Angoisse, Altruisme, Moi, Objet a, 1961

Ce que ne supporte pas le moi narcissique, par définition, c'est bien que son image puisse être abîmée... Comment, sinon en abîmant l'image du semblable avec laquelle celle du sujet est liée, comme cul et chemise pourrait-on dire, et même davantage en parlant d'identification ? L'altruisme ne serait donc qu'une couverture par laquelle le moi se protège... contre quoi, sinon de la dangerosité potentielle du désir, en particulier de l'objet petit 'a' auquel le sujet fait face dans la structure de son fantasme, objet de nature à perturber sinon "outrager" l'image. De sorte que la pitié, la compassion, pourrait servir de rempart ordinaire contre un mal bien plus redoutable pour le moi, à savoir l'angoisse, laquelle ne manquerait pas de surgir si l'image narcissique se trouvait menacée.
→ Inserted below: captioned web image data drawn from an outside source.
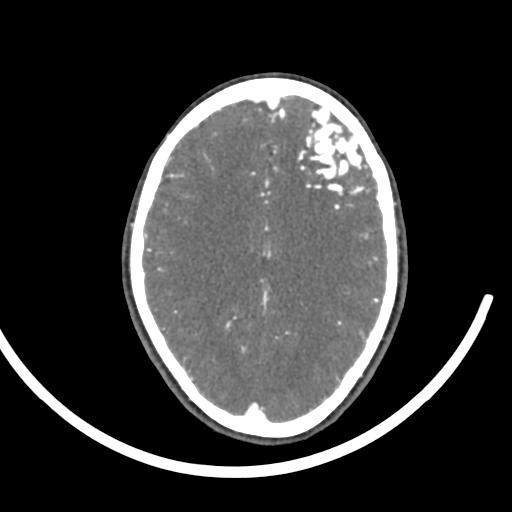 Cerebral arteriovenous malformation (Radiopaedia 29531-30031 E 70).jpg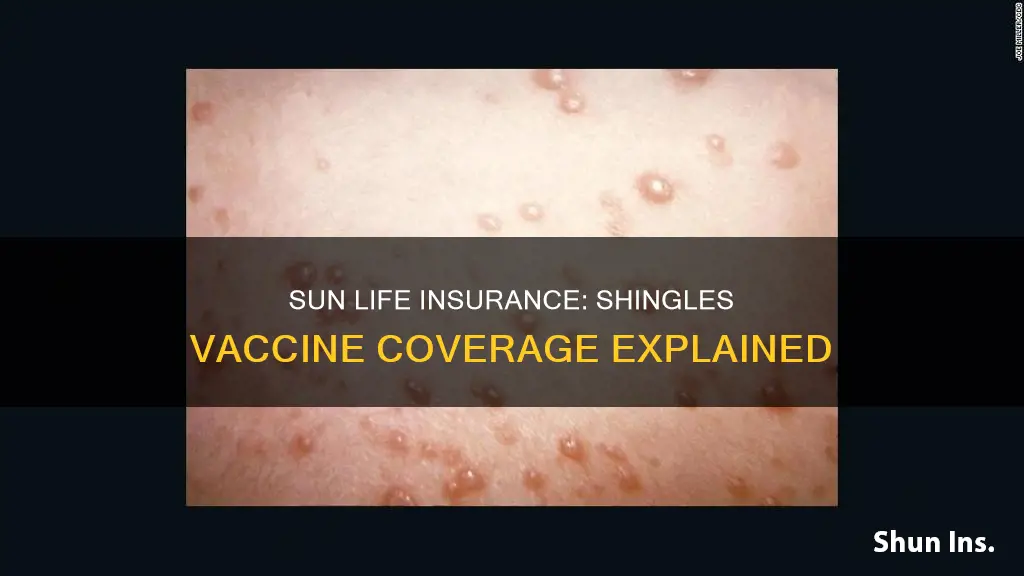 does sun life insurance cover shingles vaccine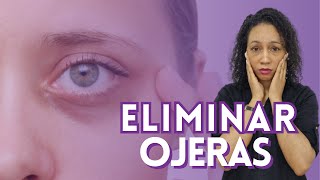 Como ELIMINAR LAS OJERAS  Tratamientos que sí funcionan  MÉDICA explica [upl. by Eisnil947]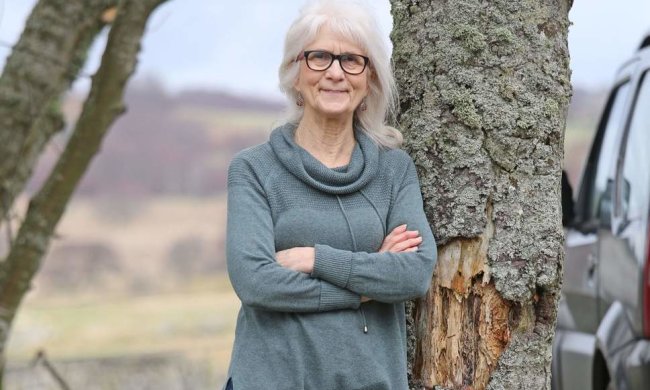 71-річна жінка ніколи не відчувала болю, її секрет ховається у генах. Вчені не можуть повірити у те, що відбувається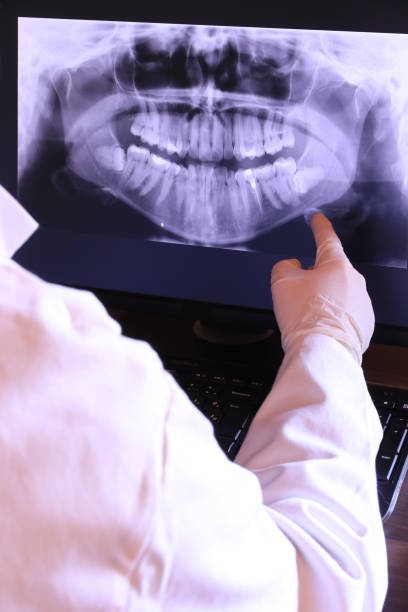 Best Emergency Tooth Extraction in Magnolia Springs, AL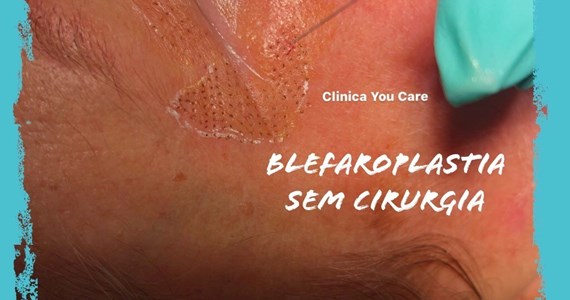 blefaroplastia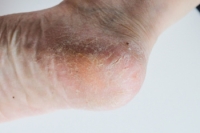 Cracked Heels Relief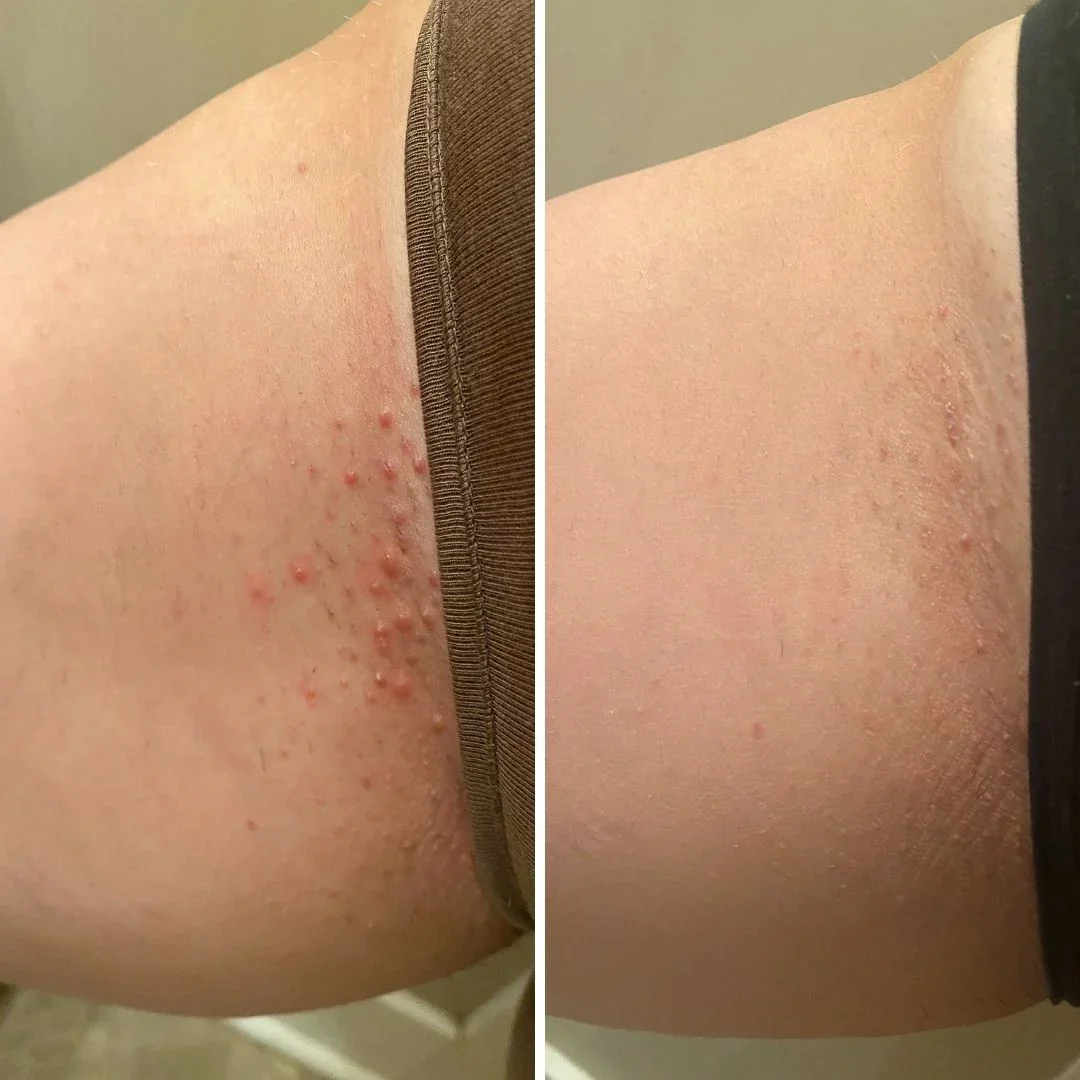Ingrown-hair-oil-before-and-after-photo.webp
"S’il se laisse apercevoir, ce signal d’angoisse, c’est bien de l’alter ego, de l’autre qui constitue son « moi », que le sujet peut le recevoir. Il y a quelque chose ici que je voudrais pointer. Vous m’avez entendu longtemps vous avertir des dangers de l’altruisme. Méfiez-vous, vous ai-je dit implicitement et explicitement, des pièges du Mitleid, la pitié, de ce qui nous retient de faire du mal à l’autre, à « la pauvre gosse », moyennant quoi on l’épouse et on est pour longtemps emmerdés tous les deux... C’est qu’en fait le précieux Mitleid, cet altruisme - pour le sujet qui se méconnaît - n’est que la couverture d’autre chose, et vous l’observerez toujours à condition toutefois d’être dans le plan de l’analyse. Travaillez un peu le Mitleid d’un obsessionnel et ici le premier temps est de s’apercevoir (...) que ce qu’il respecte, ce à quoi il ne veut pas toucher dans l’image de l’autre, c’est à sa propre image."